杏寿郎と父に挟まれた格好になった千寿郎が、苦しいですとしょげた声をあげるまで、よかった、無事でよかったと、繰り返し涙声をあげたものだ。
「冨岡くん、ありがとう。君のお陰で千寿郎が助かったと聞いた。本当に、感謝する」
ギュッと義勇の手をとり、深く頭を下げた父の目には、涙が光っていたかもしれない。とまどってドギマギとして見える義勇にばかり目が行って、杏寿郎はよく見てはいなかったけれども。

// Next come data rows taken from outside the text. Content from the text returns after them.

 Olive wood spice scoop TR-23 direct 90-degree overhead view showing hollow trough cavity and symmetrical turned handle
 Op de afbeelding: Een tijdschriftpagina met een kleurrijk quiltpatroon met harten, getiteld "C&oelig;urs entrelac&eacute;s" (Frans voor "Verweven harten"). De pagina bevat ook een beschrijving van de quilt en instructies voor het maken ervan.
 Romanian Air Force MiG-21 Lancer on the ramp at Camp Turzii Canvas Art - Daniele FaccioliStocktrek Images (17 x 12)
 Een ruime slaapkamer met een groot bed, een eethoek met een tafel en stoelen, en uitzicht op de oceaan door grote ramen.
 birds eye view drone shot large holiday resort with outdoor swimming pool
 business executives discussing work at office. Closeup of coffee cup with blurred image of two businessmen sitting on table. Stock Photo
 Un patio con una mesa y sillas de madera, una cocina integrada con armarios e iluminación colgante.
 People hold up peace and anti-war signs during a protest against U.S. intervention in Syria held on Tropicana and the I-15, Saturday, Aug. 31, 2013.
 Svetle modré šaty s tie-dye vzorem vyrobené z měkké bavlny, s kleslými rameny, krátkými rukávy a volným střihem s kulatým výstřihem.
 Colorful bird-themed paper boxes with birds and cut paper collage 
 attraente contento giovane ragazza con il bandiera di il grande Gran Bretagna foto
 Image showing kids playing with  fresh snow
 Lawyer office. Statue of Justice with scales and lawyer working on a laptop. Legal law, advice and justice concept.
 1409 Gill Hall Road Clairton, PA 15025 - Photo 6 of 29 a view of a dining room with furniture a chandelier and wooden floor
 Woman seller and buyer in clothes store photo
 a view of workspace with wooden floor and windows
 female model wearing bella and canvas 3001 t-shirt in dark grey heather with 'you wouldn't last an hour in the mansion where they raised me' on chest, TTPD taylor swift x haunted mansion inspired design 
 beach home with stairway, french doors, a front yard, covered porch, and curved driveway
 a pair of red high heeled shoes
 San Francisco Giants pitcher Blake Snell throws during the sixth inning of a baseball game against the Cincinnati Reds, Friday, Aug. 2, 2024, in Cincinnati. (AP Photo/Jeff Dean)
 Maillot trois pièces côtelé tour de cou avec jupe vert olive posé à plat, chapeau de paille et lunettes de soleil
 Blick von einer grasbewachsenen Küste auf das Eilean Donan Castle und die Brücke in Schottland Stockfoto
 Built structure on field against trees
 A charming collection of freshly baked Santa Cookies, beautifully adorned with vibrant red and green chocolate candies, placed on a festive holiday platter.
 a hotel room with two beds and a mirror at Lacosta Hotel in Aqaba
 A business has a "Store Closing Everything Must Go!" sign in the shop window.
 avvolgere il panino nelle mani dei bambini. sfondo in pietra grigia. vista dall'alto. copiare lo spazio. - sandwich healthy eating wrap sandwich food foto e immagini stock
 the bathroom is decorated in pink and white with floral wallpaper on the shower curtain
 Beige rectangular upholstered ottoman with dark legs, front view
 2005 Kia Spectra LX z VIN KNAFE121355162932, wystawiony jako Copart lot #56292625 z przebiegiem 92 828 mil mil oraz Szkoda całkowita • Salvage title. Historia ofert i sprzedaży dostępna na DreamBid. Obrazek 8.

午後も深まり、夕暮れにはまだ少し早い青空には、天を衝くよな真白く雄大な雲がわいている。その大きな入道雲を指差して、ソフトクリームみたいですねと笑った千寿郎は、車に乗るなり電池が切れたようにコトンと眠りに落ちた。
風になぶられ陽射しを浴びて乾いた服は、砂や塩の結晶がパラパラといくらでも散るありさまで、ごわついている。着替えにまで気が回らなかったらしい父は、シートが汚れると遠慮を見せた義勇に、謝るのは気が利かぬ俺のほうだろうと苦笑していた。
後部座席で千寿郎を挟んで座ったのは、行きの電車と同じだ。千寿郎はすっかり熟睡して、杏寿郎の膝に頭を預けている。義勇の目もとろりと眠気をにじませて、ぼんやりとしていた。
ゆらり、ゆらりと、義勇の頭が揺れて、トン、と杏寿郎の肩にもたれかかってきた。ちょっと生臭い潮の匂いがする。もうすっかりペパーミントの匂いはしない。自分もきっと同じ匂いがするのだろうなと、ぼんやり思ったのを最後に、杏寿郎の目も閉じられた。
くうくう、すうすうと聞こえだした、小さな寝息の合唱に、父が苦笑したのには気づかぬまま。ほかの石とは別にポケットに入れた小さなガラスでできた石を、杏寿郎は無意識に握りしめた。
ゆるりと落ちていった眠りのなか。杏寿郎は、やさしい笑みを浮かべたきれいな女の人の夢を見た。
青と赤のキラキラとした石を杏寿郎に手渡して、義勇をよろしくねと笑ったその人を、目覚めたとき杏寿郎はもう覚えていなかったけれど。それでも、なんだかとても幸せな夢を見た気がすると笑った杏寿郎に、義勇が俺もと小さく笑い返してくれたことは、きっと忘れないだろうと思った。
一生忘れられない、夏の日の思い出とともに。
家に帰った杏寿郎と千寿郎を待ち受けていたのは、母の抱擁だった。一人待つ間、気丈な母も不安だったのだろう。義勇の目の前で母に抱きしめられるのは、ちょっぴり恥ずかしかったけれども、腕の震えに気づいてしまえば、離してくださいとは言えない。少し頬を赤くしてちらりと横目で義勇を見やると、義勇はいつもの無表情で、でもとてもやさしい目をして杏寿郎たちを見ていた。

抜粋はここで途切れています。